У дверей дома покойной господа из ратуши увидели музыканта Вильгельма Корнелиуссона с матерью. Они пришли для того чтобы еще раз предложить Хенрике приют под их гостеприимным кровом. Жена сборщика податей, которая сначала колебалась перенести свою любовь к ближним и на фрейлейн из глипперов, принудила себя прийти, потому что тут нужно было совершить доброе дело, и выражала эти ощущения в свойственной ей грубой форме.
В передней стоял Белотти, но не в шелковых чулках и отороченной атласом одежде дворецкого, а в простом темном платье горожанина. Он сообщил музыканту и Питеру, что остается в Лейдене прежде всего потому, что бросать на произвол судьбы заболевшую Денизу совершенно против его убеждений; но его удерживало и еще кое-что другое, особенно то, в чем ему было неприятно сознаться даже самому себе, именно укрепившееся долгими годами службы чувство своей связи с домом Гогстратенов. Его счетные книги были в полном порядке; управитель баронессы признал это и охотно выплатил ему его жалованье. Сбережения Белотти были помещены в надежное место, и так как, будучи человеком экономным, он никогда не трогал процентов, а лишь прибавлял их к капиталу, то они обратились в порядочную сумму. В Лейдене итальянца ничто не удерживало, и тем не менее он не мог покинуть его до тех пор, пока не будет все закончено в доме, которым он так долго управлял.

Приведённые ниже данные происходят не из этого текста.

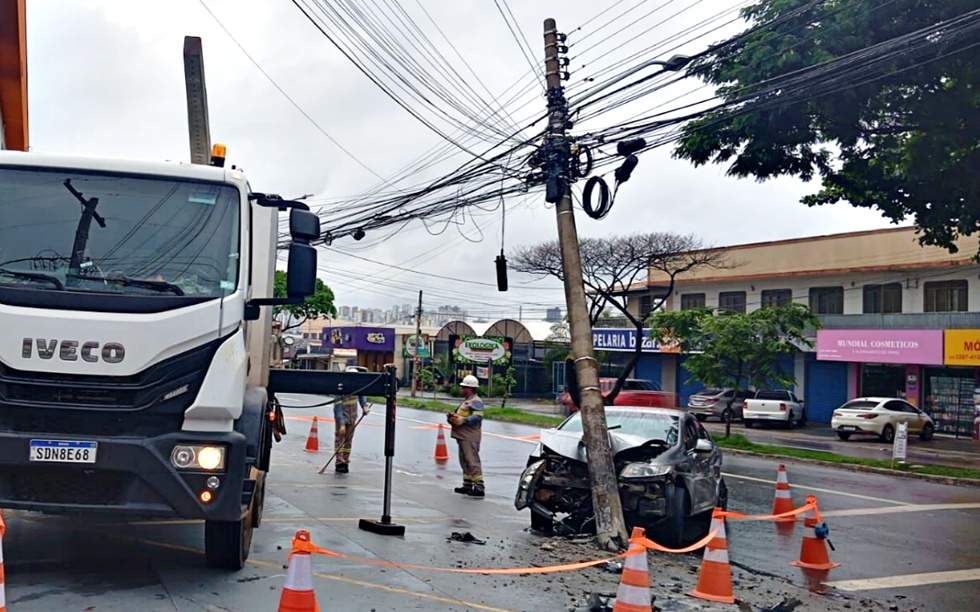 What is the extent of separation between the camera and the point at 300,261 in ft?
22.9

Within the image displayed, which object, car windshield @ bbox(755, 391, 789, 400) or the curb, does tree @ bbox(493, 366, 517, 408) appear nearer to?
car windshield @ bbox(755, 391, 789, 400)

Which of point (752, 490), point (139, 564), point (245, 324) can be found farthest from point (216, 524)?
point (752, 490)

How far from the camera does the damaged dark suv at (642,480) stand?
10.3 metres

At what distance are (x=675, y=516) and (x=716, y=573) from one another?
239 centimetres

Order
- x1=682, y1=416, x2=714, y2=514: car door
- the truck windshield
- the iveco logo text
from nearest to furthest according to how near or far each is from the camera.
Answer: the iveco logo text
the truck windshield
x1=682, y1=416, x2=714, y2=514: car door

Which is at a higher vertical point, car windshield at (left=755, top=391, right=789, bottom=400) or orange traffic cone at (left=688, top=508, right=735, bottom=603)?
car windshield at (left=755, top=391, right=789, bottom=400)

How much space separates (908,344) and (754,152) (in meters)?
21.7

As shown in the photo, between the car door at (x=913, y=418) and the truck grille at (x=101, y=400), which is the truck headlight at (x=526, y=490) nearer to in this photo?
the truck grille at (x=101, y=400)

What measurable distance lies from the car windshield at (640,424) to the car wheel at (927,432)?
2284 cm

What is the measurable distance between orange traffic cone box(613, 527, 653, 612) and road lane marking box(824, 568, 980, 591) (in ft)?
11.9

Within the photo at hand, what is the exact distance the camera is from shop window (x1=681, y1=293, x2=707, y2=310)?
44.8 meters

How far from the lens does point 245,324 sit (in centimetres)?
707

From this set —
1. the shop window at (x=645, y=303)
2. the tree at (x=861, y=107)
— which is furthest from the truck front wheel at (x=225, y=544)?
the shop window at (x=645, y=303)

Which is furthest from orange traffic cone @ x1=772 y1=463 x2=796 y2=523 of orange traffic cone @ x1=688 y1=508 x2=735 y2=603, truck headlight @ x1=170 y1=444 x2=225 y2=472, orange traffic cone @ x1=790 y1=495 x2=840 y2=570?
truck headlight @ x1=170 y1=444 x2=225 y2=472
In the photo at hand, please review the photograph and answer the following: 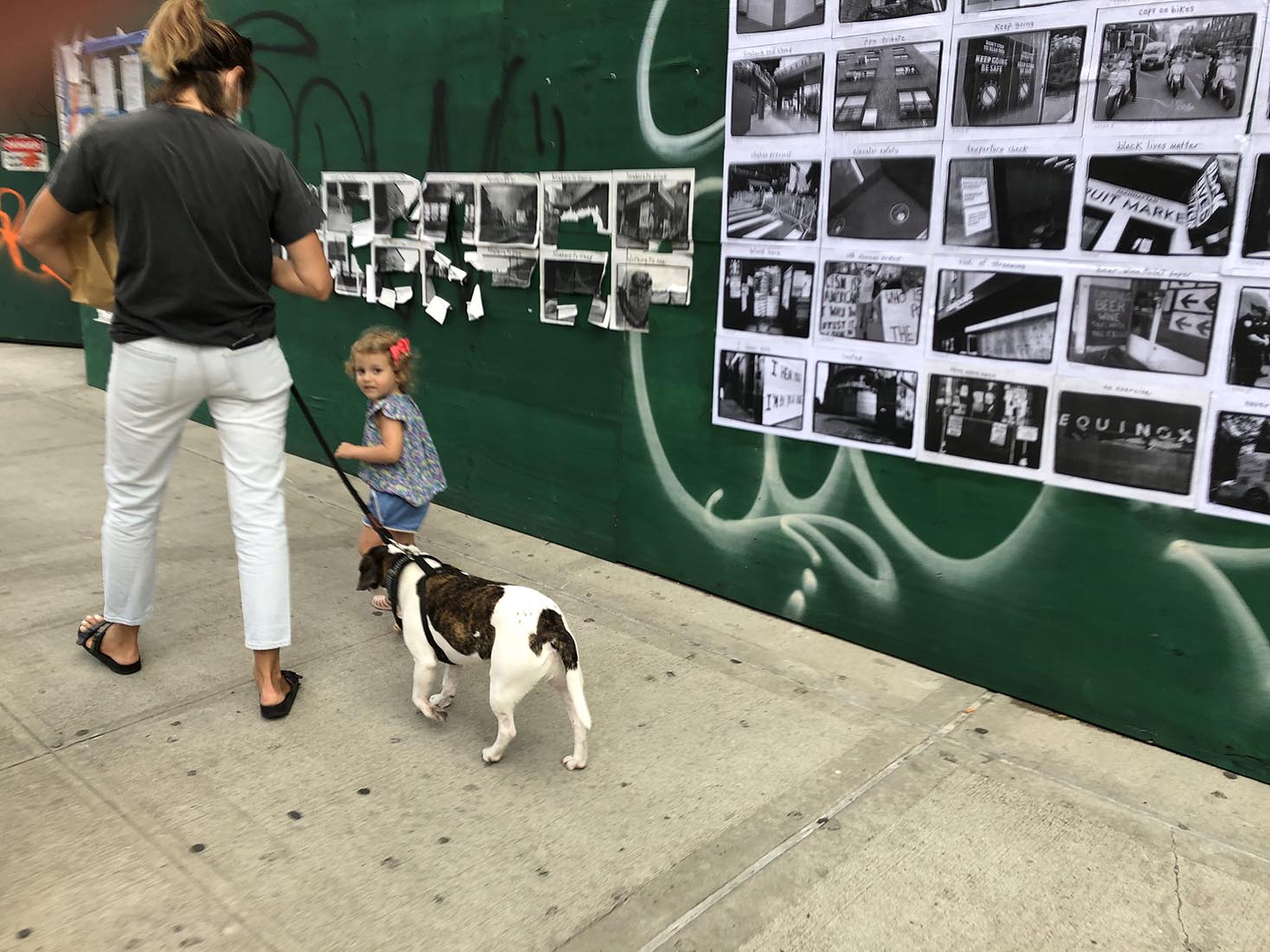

Каждый день он осведомлялся о состоянии здоровья больных дам; а после смерти ее сиятельства он все-таки оставался в Лейдене, хотя Денизе становилось лучше; он считал необходимым отдать покойной последний долг, присутствуя при ее погребении.
Городским господам было приятно найти Белотти в доме. Нотариус заведовал его маленьким состоянием и высоко ценил как порядочного человека. Он попросил старика служить проводником ему и его спутникам. Прежде всего было необходимо отыскать завещание покойной. Таковое должно было существовать, поскольку до самого того дня, когда заболела Хенрика, оно сохранялось у нотариуса, а потом было вытребовано назад старой госпожой, которая решила сделать в нем некоторые изменения. Нотариус не мог дать никакого заключения о содержании его, так как руководил составлением его не он, а его покойный товарищ, клиентура которого и перешла к нему.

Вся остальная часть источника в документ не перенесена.